NCPA - National Center for Policy Analysis

The Big Business of Buying Buses

October 1, 2015

Buses are critical to the nation's public transportation services. According to data from the Federal Transit Administration's (FTA) National Transit Database, buses carry more passengers than all other modes combined. FTA provides grants to transit agencies to buy buses. When making these purchases, agencies must comply with a range of federal requirements.

Overall, the number of manufacturers of transit buses has declined in recent years, but bus production has remained constant. Transit agencies purchase over 5,000 buses per year -- about half are heavy-duty buses and half are smaller buses called "cutaways" because they consist of a bus body on top of a chassis built by another manufacturer.

  • The number of firms that produce most heavy-duty transit buses declined from 10 in 2004 to 4 in 2013, due to business failures and consolidation.
  • The number of buses procured annually by transit agencies from 2009-2013, using grant funds other than American Recovery and Reinvestment Act funds, ranged from 4,670 to 5,652.
  • The amount of Federal Transit Administration's (FTA) grant funding for bus procurement increased from $794 million in 2009 to $1.3 billion in 2013.

Officials reported that it is time consuming to comply with a requirement to certify that at least 60 percent of the bus's components are made in the U.S. because the agency must conduct pre-and post-award reviews of bus manufacturers. Transit agency officials in four of six discussion groups also identified the procurement process as difficult and resource-intensive, particularly for those transit agencies that do not purchase buses each year and may lack procurement capacity.

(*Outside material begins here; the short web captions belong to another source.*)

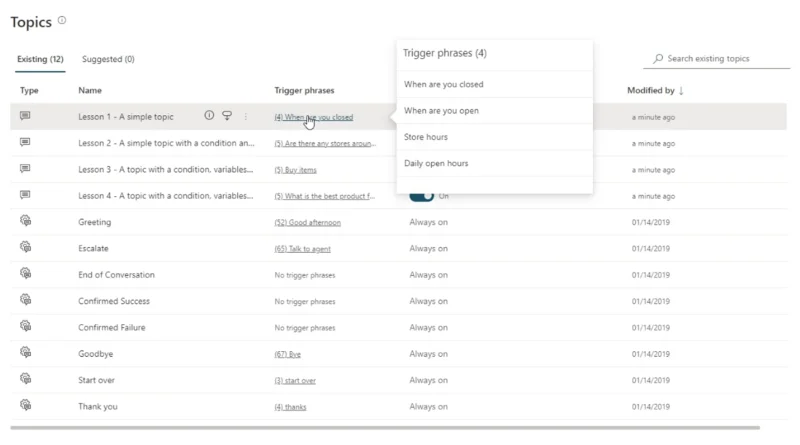 Power Virtual Agents |  Vaiheet chatbottien luomiseen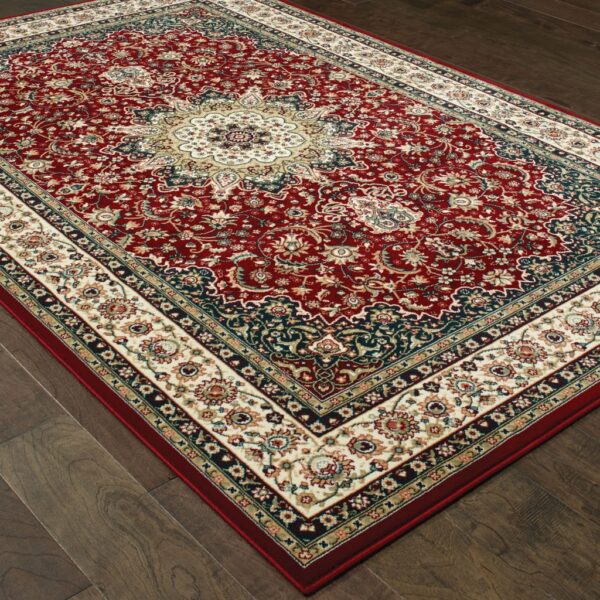 1' X 3' Red Ivory Machine Woven Oriental Indoor Area Rug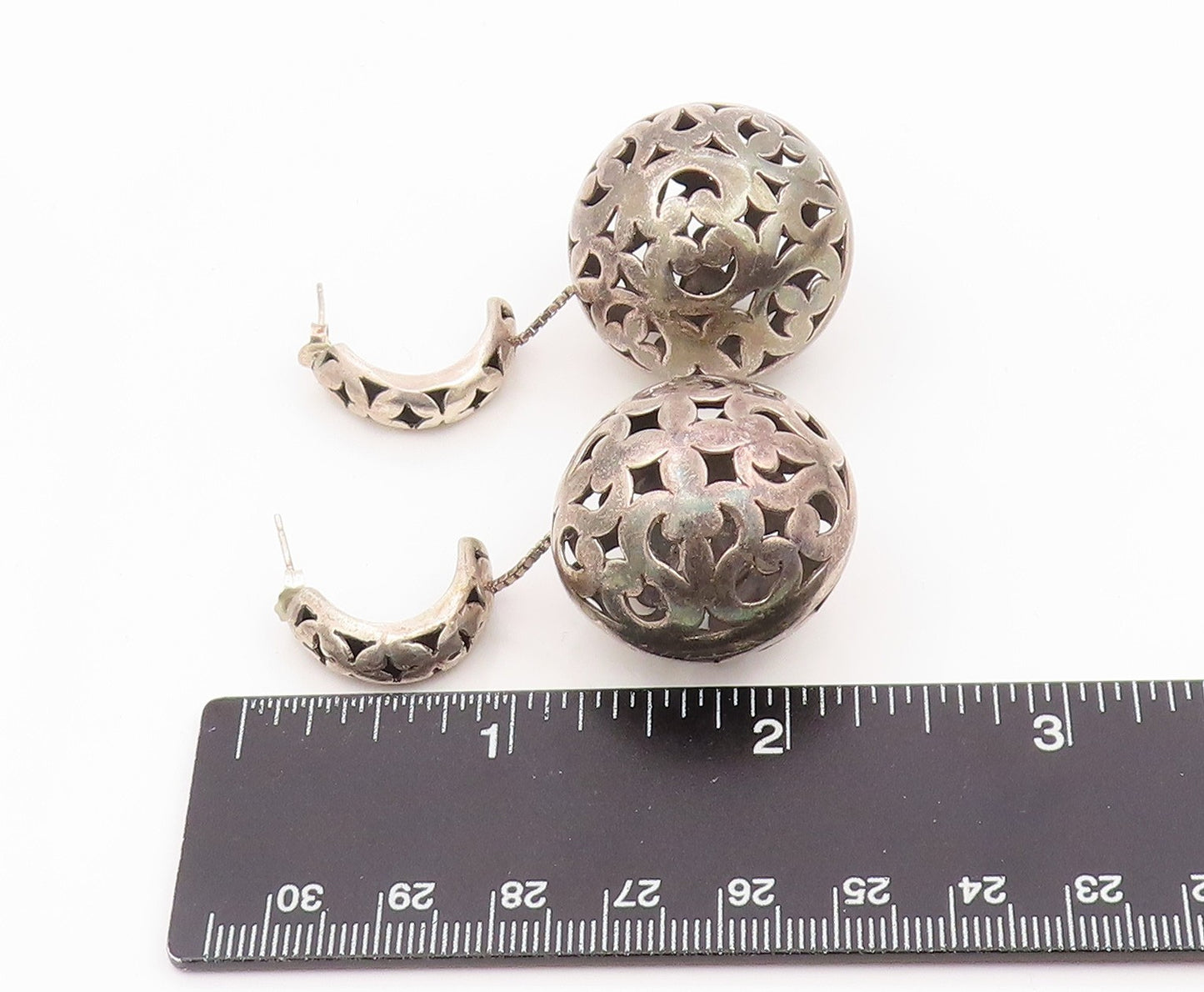 BALI 925 Silver  Vintage Cutout Pattern Puffy Ball Dangle Earrings  EG11562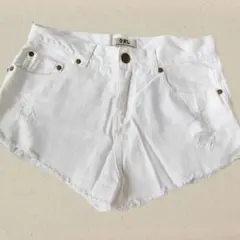 GRL ホワイト ショートパンツ ダメージ加工　平成ギャル　y2k グランジ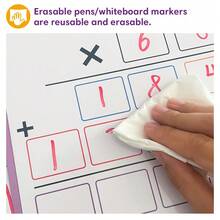10pcs Math Arithmetic Whiteboard Multiplication Learning Tools, Suitable For 2-4 Grade Children Math Operation Thinking Training Educational Board - Multicolor - View 8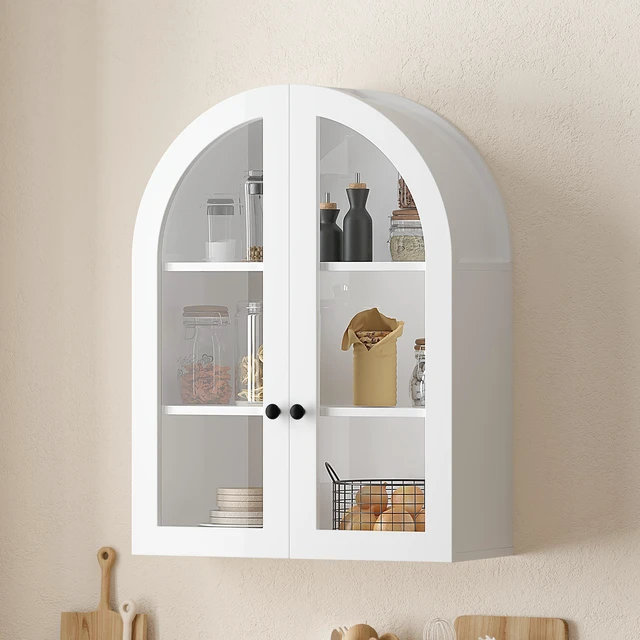 Alt view image 3 of 7 - Arched Wall Mounted Cabinet, Veneer Wall Storage Cabinet with Tempered Glass Doors Adjustable Shelf Easy Hanging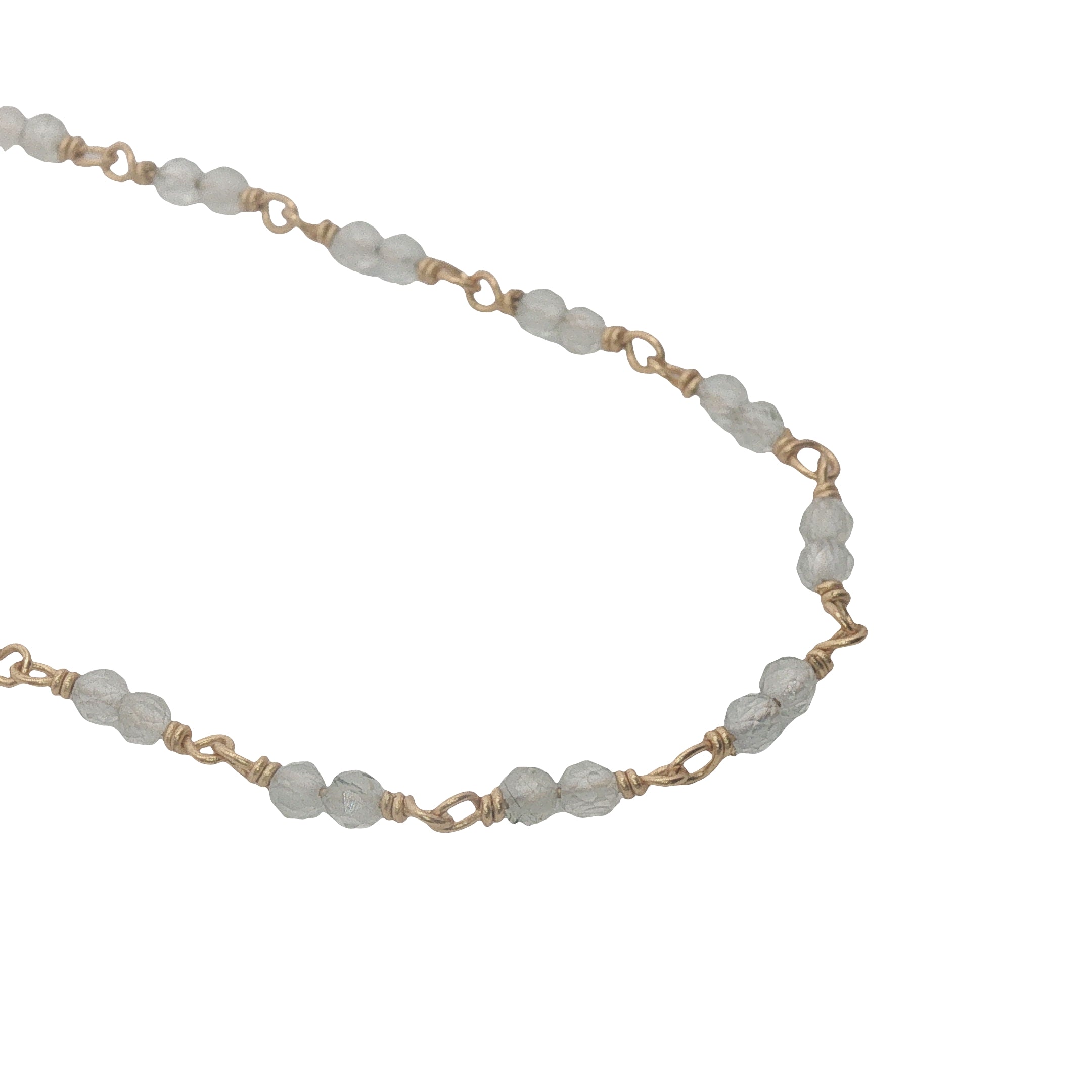 Collier doré avec duo prehnite 38 cm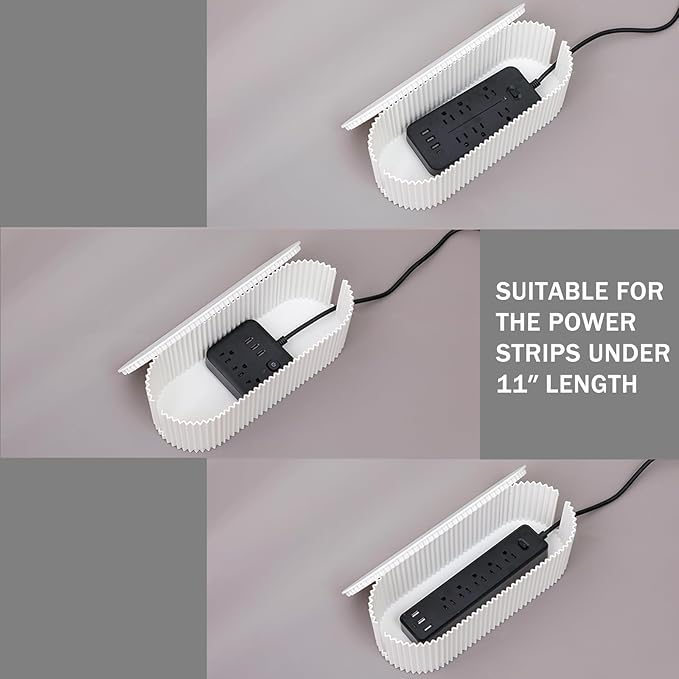 White Cable Box Organizer, Plastic Cord Hider Box - Image 5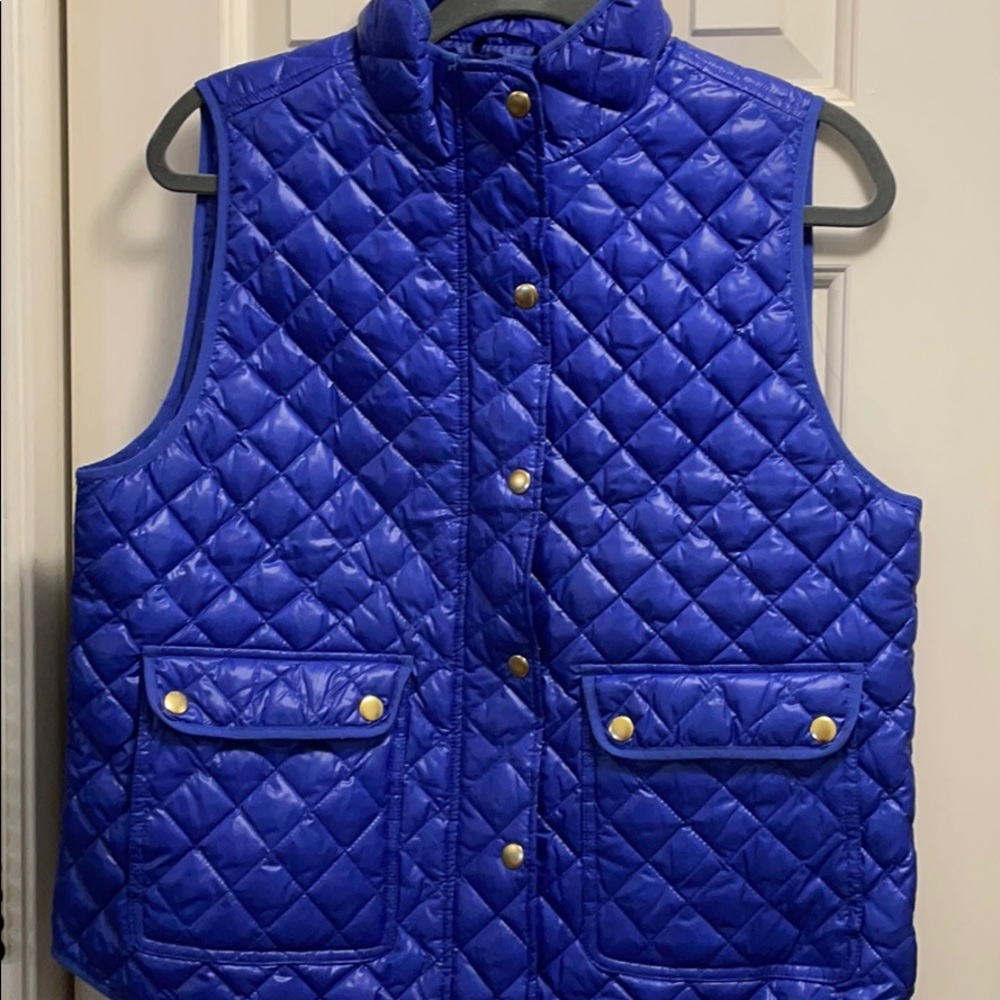 J. Crew Cobalt Blue/Purple Quilted Vest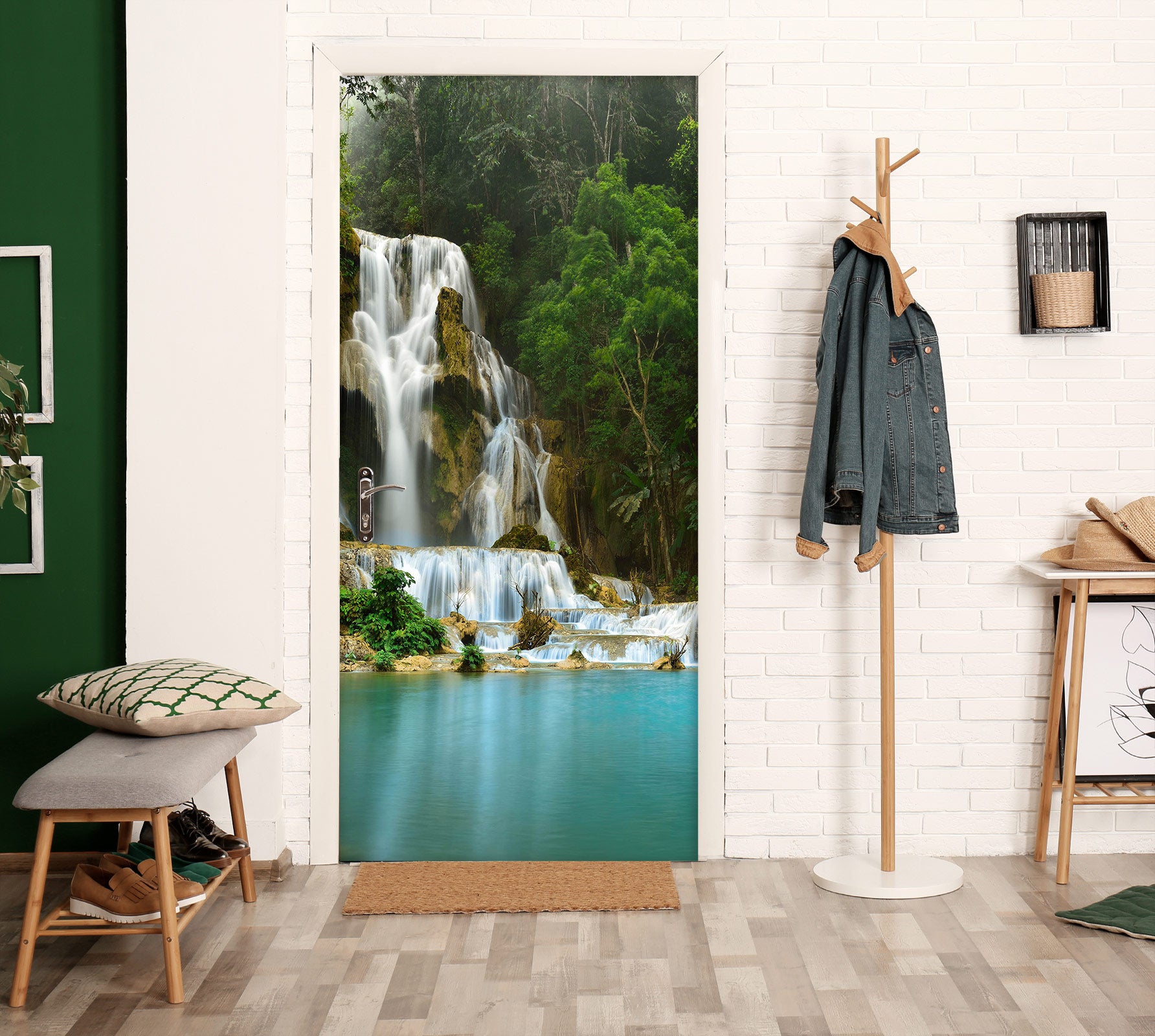 3D Forest Green Lake 135 Door Mural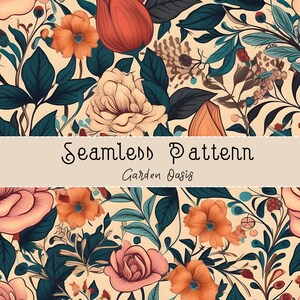 Floral Pattern, Botanical Pattern, Floral Seamless Pattern, Floral Background, Botanical Background, Seamless Repeat, POD Allowed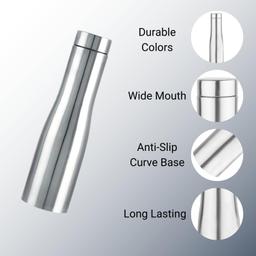 Asian Mattel Finish Stainless Steel Water Bottle 1000ml & SignoraWare Claro Pro Glass Bottle,750 ml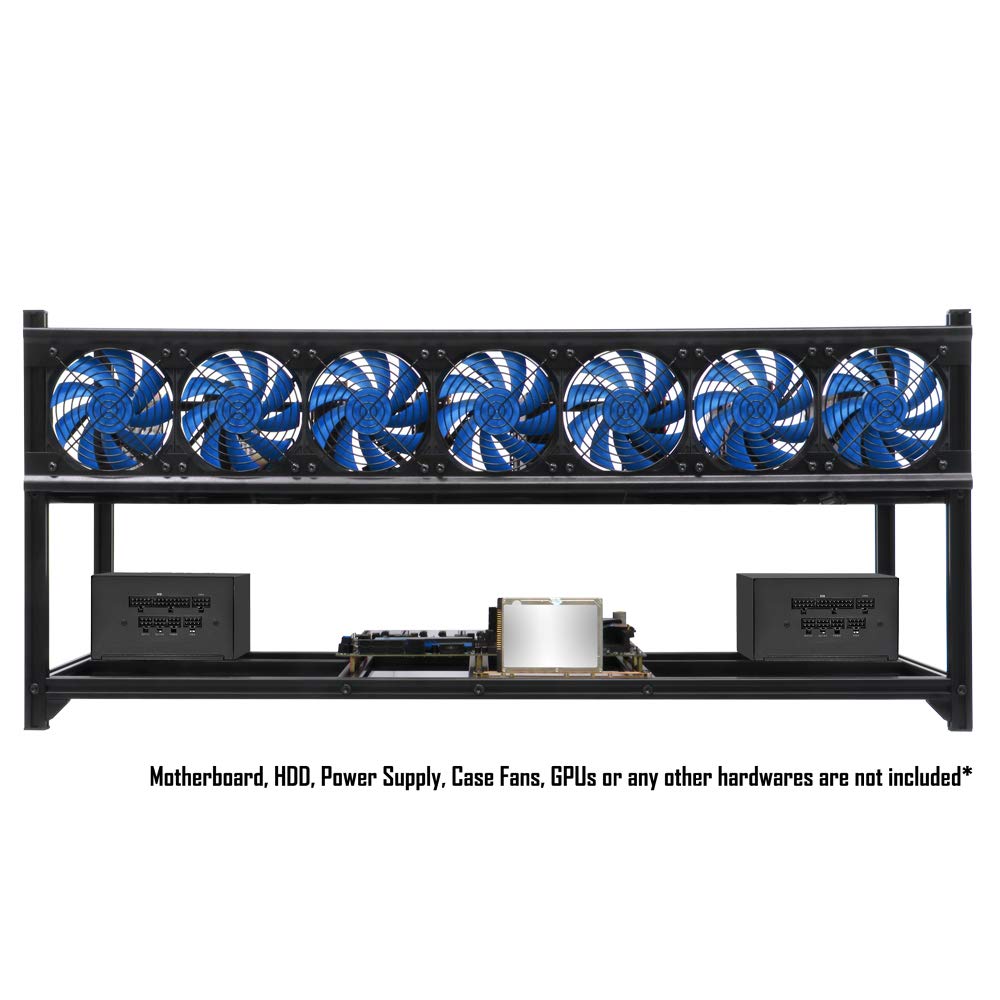 Kingwin 8 GPU Miner Rig Case Frame - Premium Stackable Aluminum Mining Rig Enclosure for Efficient Crypto Mining, Test Bench PC Case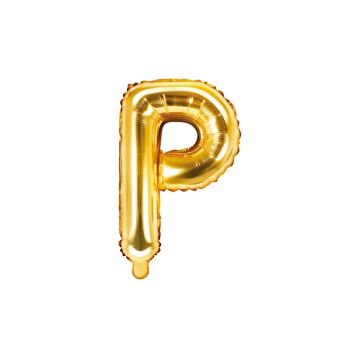 Foil balloon, metallic - PartyDeco - gold, letter P, 35 cm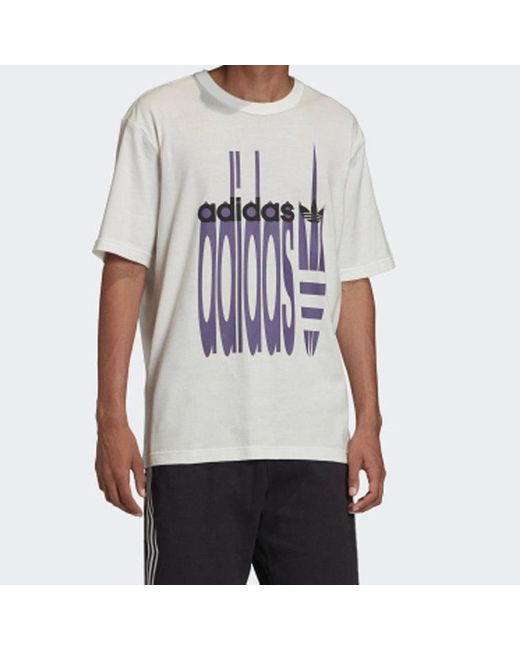 Adidas White Originals Ss20 R.V.Y Printing Short Sleeve for men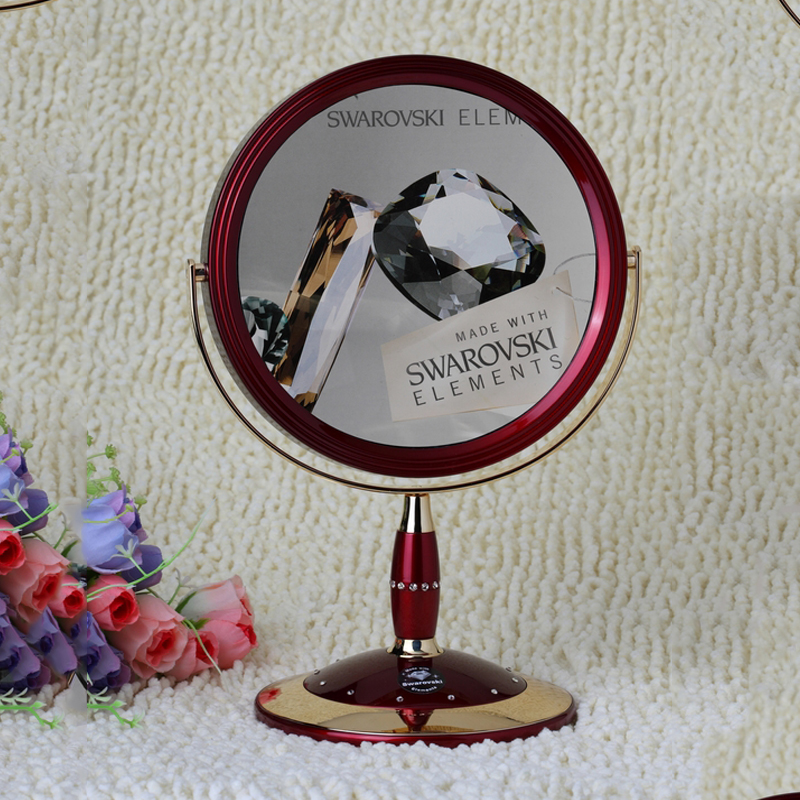 Alina counter 7 inch desktop double-sided makeup mirror red wedding dressing mirror Swarovski element beauty mirror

According to FTA and GSA officials, both agencies have explored the feasibility of establishing a process to allow transit agencies to procure buses through GSA, but neither agency has developed a legislative proposal requesting that Congress grant authority to allow transit agencies to do so.

Source: U.S. Government Accountability Office, "Public Transit: Updated Guidance and Expanded Federal Authority Could Facilitate Bus Procurement," A report to the Honorable Matthew Cartwright, House of Representatives, September 2015.